(DATA Opens)

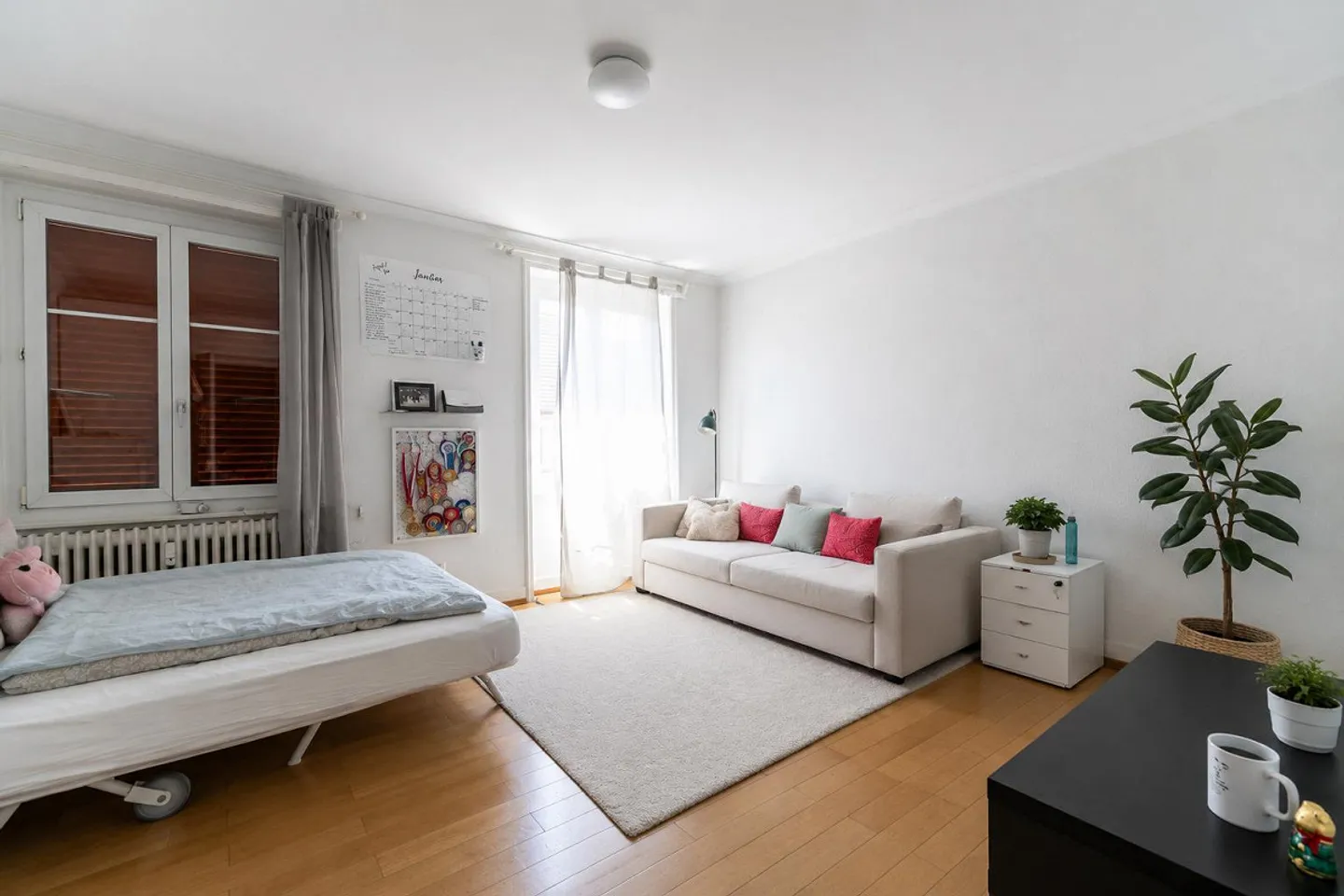 Beautiful 3-room old building apartment - Photo 1 of 7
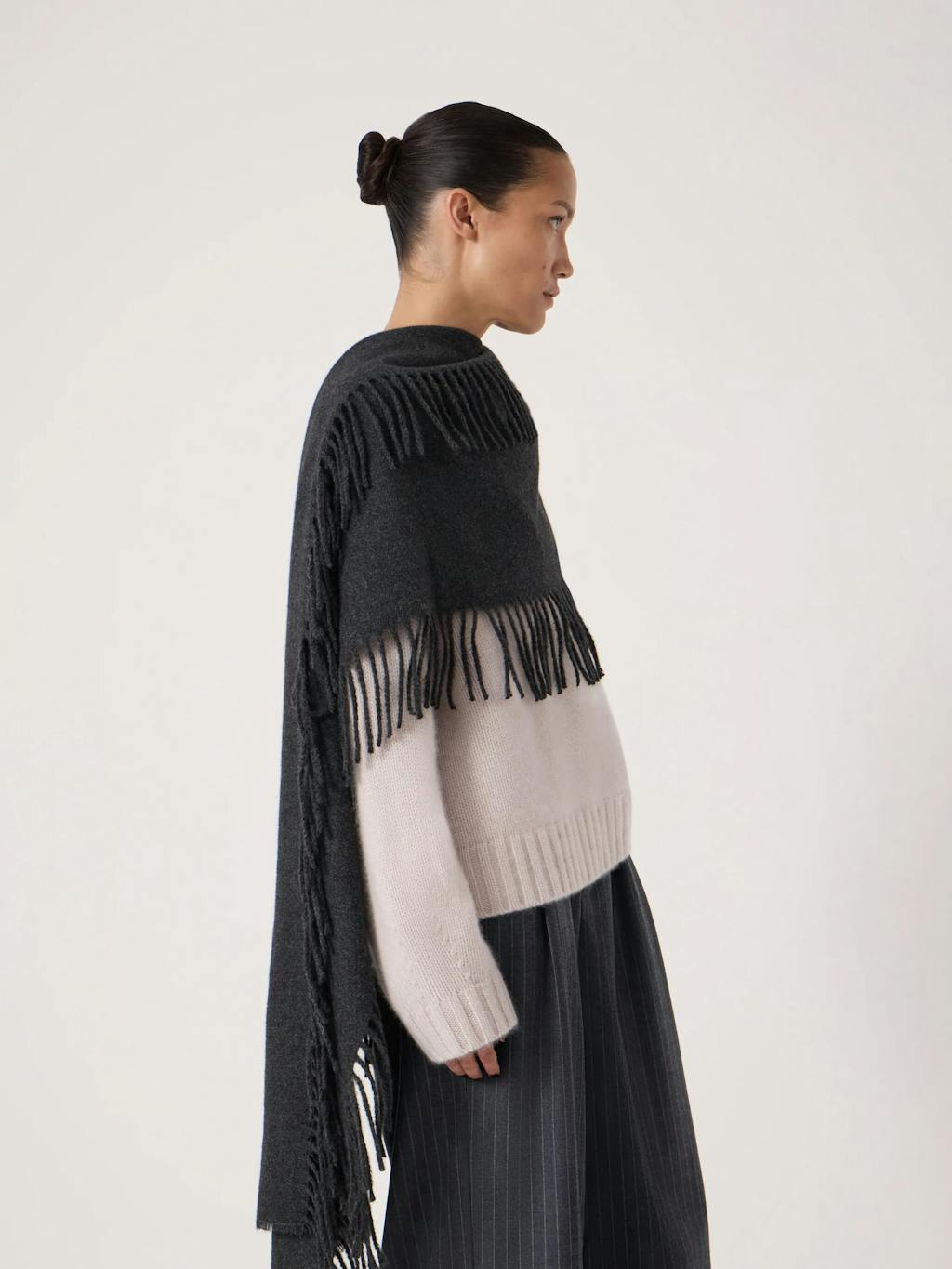 014000-3334-02 Fringe Detail Scarf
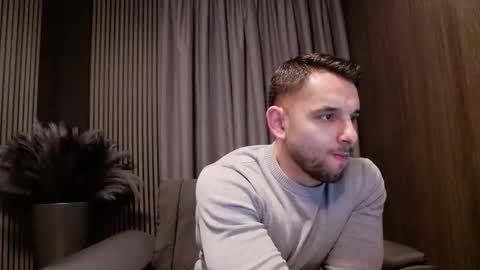 HI My name is Antonio online show from 01-07-26, 08:00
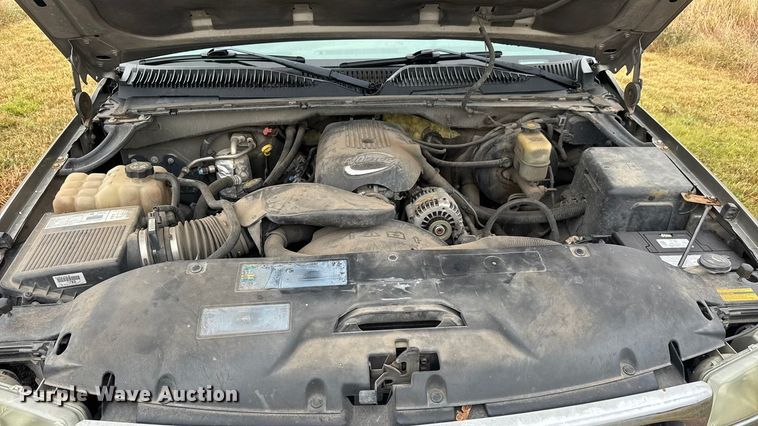 image for item EM8398 2002 GMC Sierra 1500 Ext. Cab pickup truck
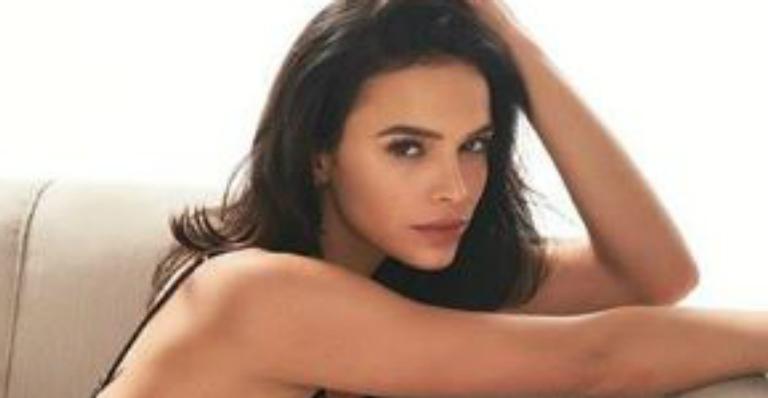 Bruna Marquezine arrasa internautas com seu corpão em ensaio de lingerie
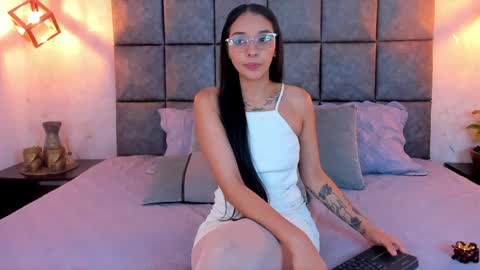 roseaurora online show from 04-29-26, 11:25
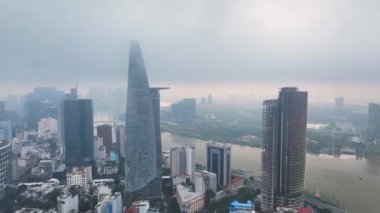 Geliştirme binaları, ulaşım ve enerji altyapısı olan bir Ho Chi Minh şehrinin havadan görüntüsü. Vietnam 'daki finans ve iş merkezleri.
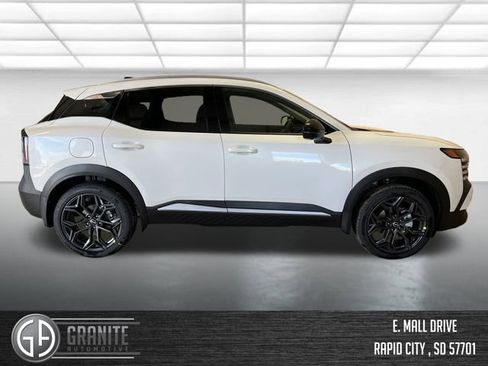New 2026 Nissan Kicks SR w/ SR Premium Package AWD/4WD image 6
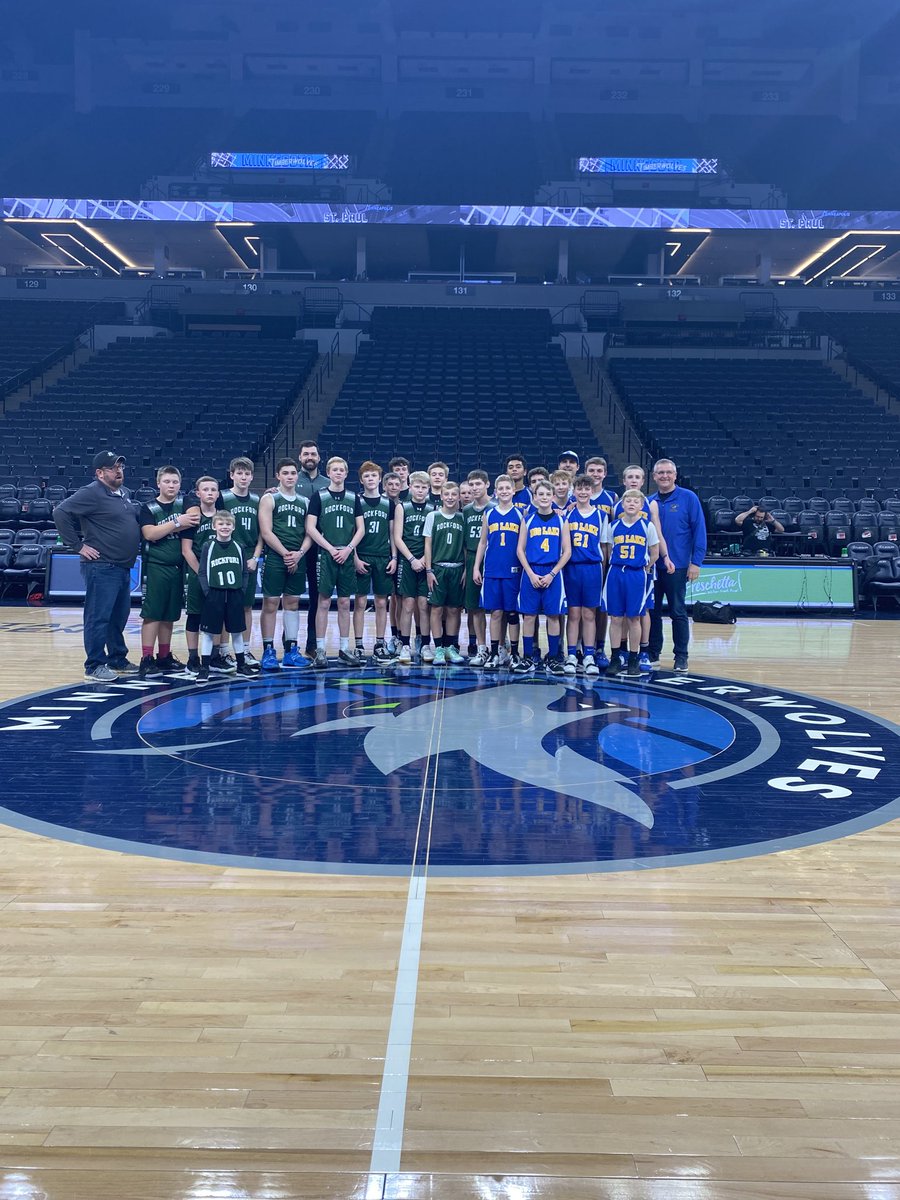 mattbare23's tweet photo. Thanks to these 8th graders from Rockford and Big Lake for coming in today.  #playwheretheprosplay https://t.co/c8foA4sKNe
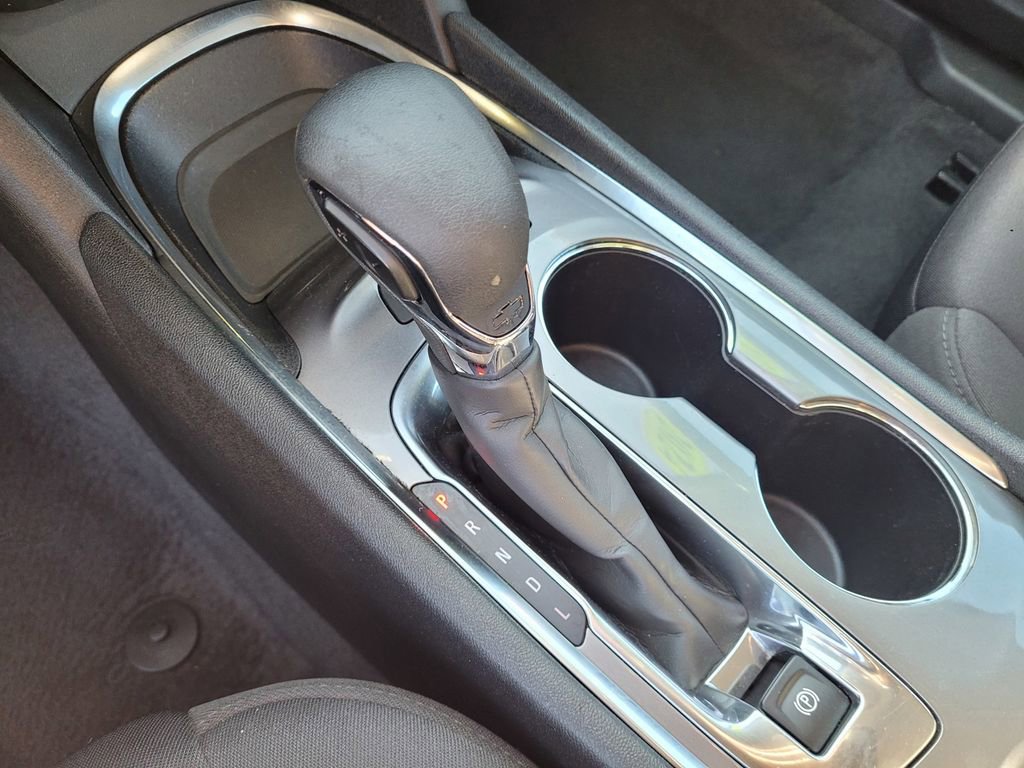 Used 2024 Chevrolet Malibu LT FWD image 16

(DATA Closes)

*TASK STATEMENT*
Up to and including the last line of the listing, starting at the line with "HI My name is", extract every line exactly and leave out the pictures.

*SOLUTION TO THE PROBLEM*
 HI My name is Antonio online show from 01-07-26, 08:00
 image for item EM8398 2002 GMC Sierra 1500 Ext. Cab pickup truck
 Bruna Marquezine arrasa internautas com seu corpão em ensaio de lingerie
 roseaurora online show from 04-29-26, 11:25
 Geliştirme binaları, ulaşım ve enerji altyapısı olan bir Ho Chi Minh şehrinin havadan görüntüsü. Vietnam 'daki finans ve iş merkezleri.
New 2026 Nissan Kicks SR w/ SR Premium Package AWD/4WD image 6
 mattbare23's tweet photo. Thanks to these 8th graders from Rockford and Big Lake for coming in today.  #playwheretheprosplay https://t.co/c8foA4sKNe
 Used 2024 Chevrolet Malibu LT FWD image 16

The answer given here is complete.